Tarihi kent merkezlerinde yenilenebilir enerjinin kullanımı arttırılmalıdır. Bu alandaki yatırımlar desteklenmeli ve enerji tasarrufu yapan turizm tesisleri ödüllendirilmelidir. Koruma ve kullanma dengesi içinde yayalaştırma politikaları uygulanmalıdır. Tarihi kent merkezlerinde sıvı ve katı atıklar için kapsamlı toplama ve imha sisteminin olmaması ciddi bir sorun olmaktadır.
Atık probleminin çözümü için ziyaretçiler ve yerel halk arasında atık bilincinin geliştirilmelidir. Yerel yönetimlerin etkili bir atık yönetim sistemi kurulması sağlanmalıdır. Egemen ideolojik yapılar ve kurumlar tarafından sürekli desteklenen, teşvikler ve baskılarla arttırılan tüketim alışkanlıkları, sürdürülebilirliğin hayata geçirilmesine ve doğal kaynakların korunmasına engel olmaktadır.
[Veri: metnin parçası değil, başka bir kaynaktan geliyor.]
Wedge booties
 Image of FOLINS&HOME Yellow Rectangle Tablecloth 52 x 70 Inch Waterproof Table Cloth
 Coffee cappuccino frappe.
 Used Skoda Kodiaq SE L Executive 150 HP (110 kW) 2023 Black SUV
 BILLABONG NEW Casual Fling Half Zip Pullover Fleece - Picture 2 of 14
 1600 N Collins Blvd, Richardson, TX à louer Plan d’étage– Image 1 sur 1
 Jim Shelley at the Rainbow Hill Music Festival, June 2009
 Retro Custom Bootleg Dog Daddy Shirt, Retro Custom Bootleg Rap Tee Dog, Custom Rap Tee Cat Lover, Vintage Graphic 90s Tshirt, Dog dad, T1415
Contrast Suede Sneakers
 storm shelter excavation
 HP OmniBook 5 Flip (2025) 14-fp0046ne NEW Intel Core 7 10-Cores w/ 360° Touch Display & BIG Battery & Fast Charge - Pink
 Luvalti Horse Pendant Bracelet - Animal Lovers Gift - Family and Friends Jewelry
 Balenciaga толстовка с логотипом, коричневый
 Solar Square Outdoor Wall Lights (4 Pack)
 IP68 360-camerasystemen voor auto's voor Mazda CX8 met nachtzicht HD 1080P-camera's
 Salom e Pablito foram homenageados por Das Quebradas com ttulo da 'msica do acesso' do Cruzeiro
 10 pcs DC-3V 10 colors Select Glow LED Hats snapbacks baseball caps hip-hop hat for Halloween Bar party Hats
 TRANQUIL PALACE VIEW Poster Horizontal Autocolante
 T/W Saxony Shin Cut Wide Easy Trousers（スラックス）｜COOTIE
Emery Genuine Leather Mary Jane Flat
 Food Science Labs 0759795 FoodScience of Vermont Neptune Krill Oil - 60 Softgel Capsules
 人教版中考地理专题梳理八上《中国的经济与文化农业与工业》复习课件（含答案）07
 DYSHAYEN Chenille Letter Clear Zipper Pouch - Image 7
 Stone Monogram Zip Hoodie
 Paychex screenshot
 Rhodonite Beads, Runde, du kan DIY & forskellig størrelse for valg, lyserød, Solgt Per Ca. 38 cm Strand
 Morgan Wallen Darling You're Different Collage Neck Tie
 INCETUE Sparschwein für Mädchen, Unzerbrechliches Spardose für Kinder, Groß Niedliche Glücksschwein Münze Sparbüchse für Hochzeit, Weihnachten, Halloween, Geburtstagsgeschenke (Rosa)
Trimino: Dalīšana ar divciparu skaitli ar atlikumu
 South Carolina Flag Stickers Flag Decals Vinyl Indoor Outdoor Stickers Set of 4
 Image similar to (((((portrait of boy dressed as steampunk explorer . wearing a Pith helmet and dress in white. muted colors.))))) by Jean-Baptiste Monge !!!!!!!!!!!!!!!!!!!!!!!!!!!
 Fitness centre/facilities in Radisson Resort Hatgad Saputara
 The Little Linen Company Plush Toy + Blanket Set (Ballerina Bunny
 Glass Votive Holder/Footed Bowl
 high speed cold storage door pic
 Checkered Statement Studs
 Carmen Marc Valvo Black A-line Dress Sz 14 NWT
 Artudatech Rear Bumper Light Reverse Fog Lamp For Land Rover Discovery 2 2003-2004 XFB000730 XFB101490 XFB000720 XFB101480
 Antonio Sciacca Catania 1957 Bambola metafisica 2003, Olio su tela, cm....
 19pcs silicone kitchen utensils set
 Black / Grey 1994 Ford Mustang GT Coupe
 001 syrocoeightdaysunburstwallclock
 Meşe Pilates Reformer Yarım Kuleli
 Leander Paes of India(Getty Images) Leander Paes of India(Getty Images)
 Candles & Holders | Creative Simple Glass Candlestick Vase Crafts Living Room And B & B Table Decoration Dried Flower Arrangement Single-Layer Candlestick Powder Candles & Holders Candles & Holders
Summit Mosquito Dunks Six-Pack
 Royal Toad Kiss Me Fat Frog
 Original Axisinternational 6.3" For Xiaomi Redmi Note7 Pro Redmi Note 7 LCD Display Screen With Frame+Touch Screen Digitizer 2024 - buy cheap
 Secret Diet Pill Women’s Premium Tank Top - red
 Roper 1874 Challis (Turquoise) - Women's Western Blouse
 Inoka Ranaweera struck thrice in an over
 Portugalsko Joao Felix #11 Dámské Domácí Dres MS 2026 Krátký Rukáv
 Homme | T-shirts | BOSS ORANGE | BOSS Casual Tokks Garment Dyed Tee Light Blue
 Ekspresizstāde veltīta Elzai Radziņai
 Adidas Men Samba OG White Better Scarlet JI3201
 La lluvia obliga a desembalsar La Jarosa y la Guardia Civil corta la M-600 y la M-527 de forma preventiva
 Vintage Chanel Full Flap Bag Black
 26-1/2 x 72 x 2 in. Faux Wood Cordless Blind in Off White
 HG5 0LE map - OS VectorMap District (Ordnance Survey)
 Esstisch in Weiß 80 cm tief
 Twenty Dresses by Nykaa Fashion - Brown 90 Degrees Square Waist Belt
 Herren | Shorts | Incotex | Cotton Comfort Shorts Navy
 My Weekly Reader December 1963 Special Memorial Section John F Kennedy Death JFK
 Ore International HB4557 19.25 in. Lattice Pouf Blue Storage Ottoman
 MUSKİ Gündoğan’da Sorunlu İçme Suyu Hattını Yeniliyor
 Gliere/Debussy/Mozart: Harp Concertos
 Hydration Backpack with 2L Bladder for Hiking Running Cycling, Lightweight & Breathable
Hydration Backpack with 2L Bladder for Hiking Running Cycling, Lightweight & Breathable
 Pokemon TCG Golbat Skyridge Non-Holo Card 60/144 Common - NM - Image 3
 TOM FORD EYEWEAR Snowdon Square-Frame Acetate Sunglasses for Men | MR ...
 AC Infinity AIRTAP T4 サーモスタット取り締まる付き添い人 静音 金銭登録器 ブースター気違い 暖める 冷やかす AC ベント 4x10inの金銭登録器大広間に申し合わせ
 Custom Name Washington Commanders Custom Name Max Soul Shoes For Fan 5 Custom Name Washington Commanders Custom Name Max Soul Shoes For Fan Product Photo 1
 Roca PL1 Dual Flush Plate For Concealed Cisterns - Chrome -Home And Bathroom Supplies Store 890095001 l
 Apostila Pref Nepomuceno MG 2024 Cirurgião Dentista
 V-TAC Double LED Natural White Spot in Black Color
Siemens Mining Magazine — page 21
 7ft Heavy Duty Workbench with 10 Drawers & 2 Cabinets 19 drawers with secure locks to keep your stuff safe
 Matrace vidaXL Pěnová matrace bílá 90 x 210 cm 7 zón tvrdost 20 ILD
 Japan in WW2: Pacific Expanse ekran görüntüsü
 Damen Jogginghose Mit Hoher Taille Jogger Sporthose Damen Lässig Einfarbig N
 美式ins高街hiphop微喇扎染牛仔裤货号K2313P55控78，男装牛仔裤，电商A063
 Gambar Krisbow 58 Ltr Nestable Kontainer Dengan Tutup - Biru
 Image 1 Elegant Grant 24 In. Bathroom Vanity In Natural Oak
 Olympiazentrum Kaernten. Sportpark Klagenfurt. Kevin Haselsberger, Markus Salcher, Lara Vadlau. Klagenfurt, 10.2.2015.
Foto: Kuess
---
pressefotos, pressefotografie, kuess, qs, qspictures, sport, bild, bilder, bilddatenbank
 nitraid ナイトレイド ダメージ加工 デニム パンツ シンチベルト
Tarihi kent merkezleri, hayatın farklı alanlarındaki aktiviteleri tatmin edici, derinlemesine ve doğru hızda yaşanmasını sağlayacak, ziyaretçilerinin duyularını harekete geçirecek ve yerel kimliği, biyolojik çeşitliliği, doğal çevreyi koruyan yerel kalkınma modeliyle birleştirilmelidir.